Westerns aren’t your thing? Not to worry, Krafton also boasts first-class contact sports. In “The Staying Freight,” Winslow copes with guilt over the death of his son, and the chaotic effects of his own violent disposition, by having people pay to fight him. For the lucky would-be Krafton residents out there, this is a good sign: One man’s self-destructive tendencies keep the local economy flowing and provide an amazing spectacle all at the same time:
The crowds grew, and Ham cornered off a stage with chicken wire mounted with trouble lights. Winslow stood bare-chested in the harsh light.

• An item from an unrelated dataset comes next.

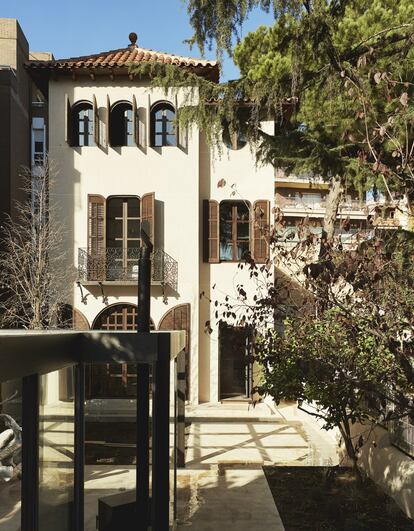 Las ventanas en pino teñido son obra de los arquitectos. Las curvas dulcifican la fachada de Villa Leonor, que cuenta con un patio trasero y otro de acceso con pérgola y piscina.<p>-</p><br><p>¿Qué cambiar para que nada cambie? La famosa máxima lampedusiana revive en esta casa centenaria de la zona alta de Barcelona. Carla Navas y Víctor Molina (ambos, 1986), integrantes del estudio de arquitectura WIT (<i>we innovate together</i>), transformaron la planta baja en una vivienda contemporánea. El objetivo: disfrutar cómodamente de cada rincón. Ese adverbio es importante, pues la casa es la misma que fue construida hace casi un siglo para pasar el verano, cuando la ciudad no estaba tan expandida, pero el uso es radicalmente distinto. La vivienda es hoy una secuencia de arcos que tiene por centro la chimenea de hierro forjado rodeada de sofás. Al fondo, el comedor y la cocina, que reciben luz del patio, y una sucesión de salones con sofás a medida crean un espacio de convivencia. Los dormitorios y los baños actualizan el clasicismo de la vivienda con aires minimalistas. Los arcos que remiten a su origen tienen ahora carpinterías resistentes y aislantes que los arquitectos diseñaron en pino teñido. El resultado es una oda al confort. </p>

Ham, in an ill-fitting suit, a felt hat adorned with turkey feathers, rang a bell and shouted, ‘Our world’s turned polite, some might say dainty. We all know how things used to be, men uprooting trees with their hands and backs, women fighting off panthers with hairpins and a mother’s scorn. Those days are gone, my friends,’ and he paused, eyeing them all. ‘Yet you still got that rage inside you, don’t you? Don’t you? Well, that’s why you’re here. Who’ll start us at a hundred even?’
If that’s not quite enough to make you box up your stuff and rent a U-Haul, then rest assured that, should you decide to move to Krafton, town officials and the citizens alike take their civic responsibilities very seriously. Take Helen, Krafton’s sheriff and the protagonist of “Peacekeeper,” who worked in Freely’s General for ten years before being elected to office. When a teenage girl’s body is discovered in the woods, the sheriff is fast on the scene:
The girl’s toes dangled inches from the ground. She wore only shoes. Clunky black shoes with square heels. Her naked skin glowed white against the dusk. Her mouth hung open and what little light came through the saffron boughs gleamed in her braces. Helen took off her own coat. She tried throwing the jacket up over the girl’s shoulders, but it slid off and fell in a lump on the ground.

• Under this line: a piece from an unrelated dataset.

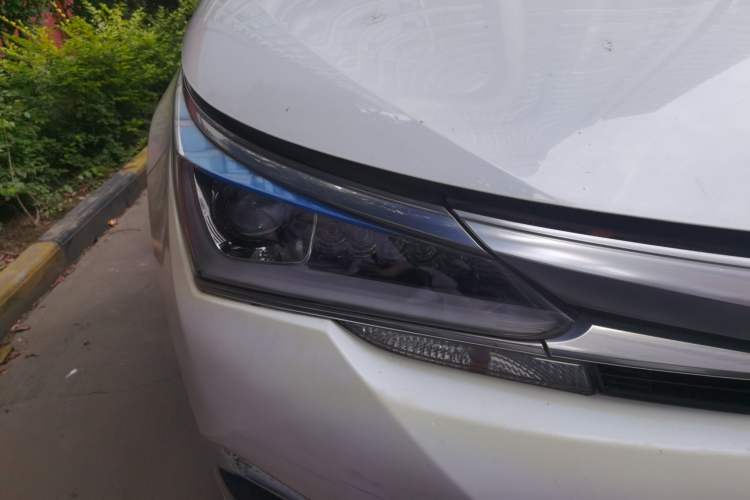 Used Toyota Corolla 2016 Dual-Engine 1.8L E-CVT Pioneer Edition Right Front Headlight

It was the girl. Jocelyn Dempsy, whom everyone called Jocey. She raced motorbikes on a dirt track by the old mill, played JV basketball as an eighth grader. She loved Moon Pies. Loved cherry cola. She’d come to the grocery and buy them, and Helen would watch her eat alone by the road and return the bottle for a nickel before riding off.
Heathcock’s choice of setting gives Volt the thin thread that holds these stories together. With “Fort Apache” taking place in 1948, and “Peacekeeper” set in the winter of 2008, the collection is a kind of longitudinal case study of a town and its citizens. Krafton has never had much to offer its people, but they’ve tried to make the best of it—at least until they’re suffocated by their own longing to get out.

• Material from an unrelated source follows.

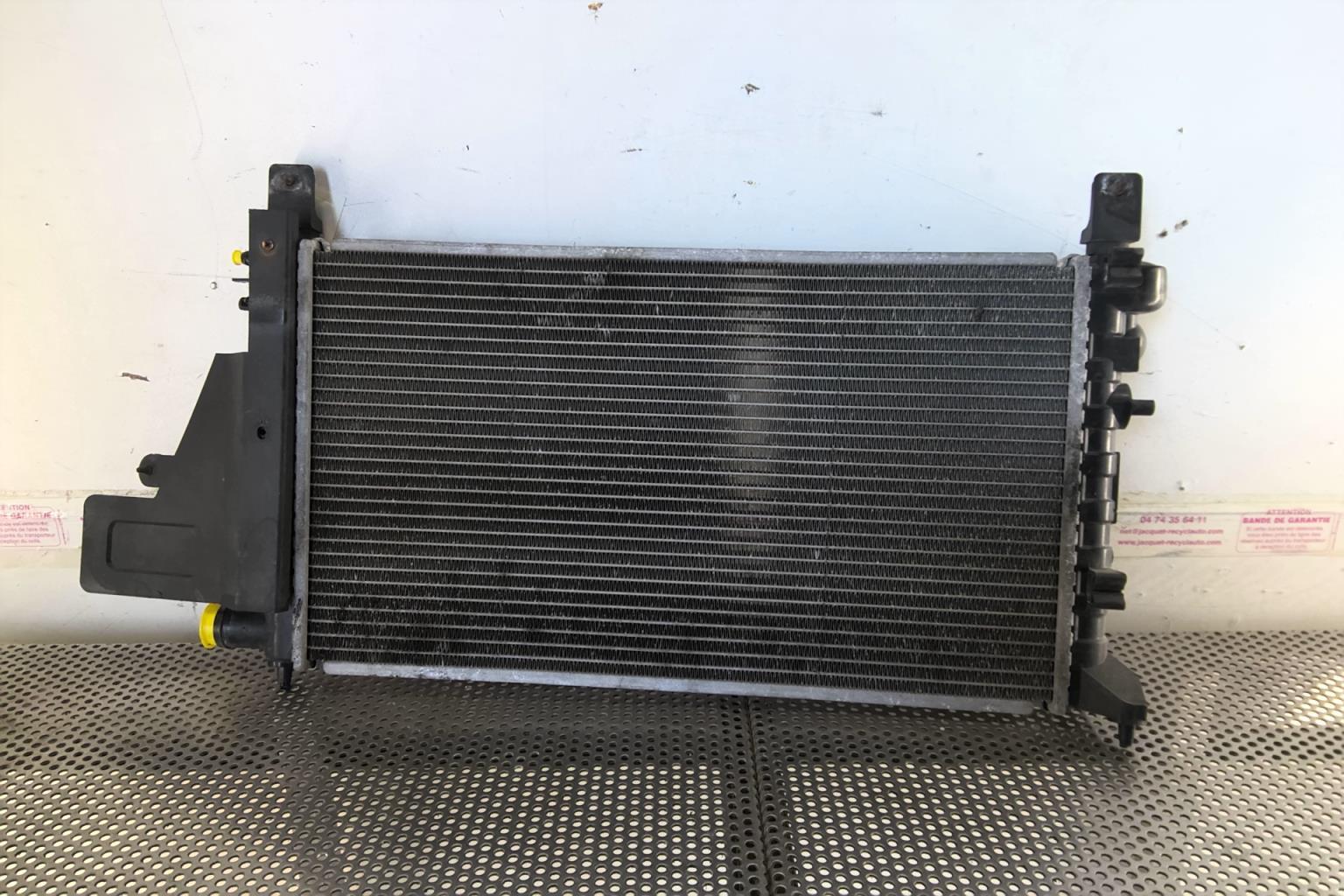 Radiateur eau PEUGEOT 106  - 1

It’s decades of restlessness that have brought Krafton to its present state, and Volt is a chronicle of its implosion. Anyone who lives in a town like the one described here can appreciate Heathcock’s ability to define a place using singular, ill-fitting details that can be missed at first glance, but when revisited, show the promise of a life lived anywhere else. Sure, the world of these stories is bleak, but anyone from a place like Krafton will be reminded of how thankful they are that they’ve moved away.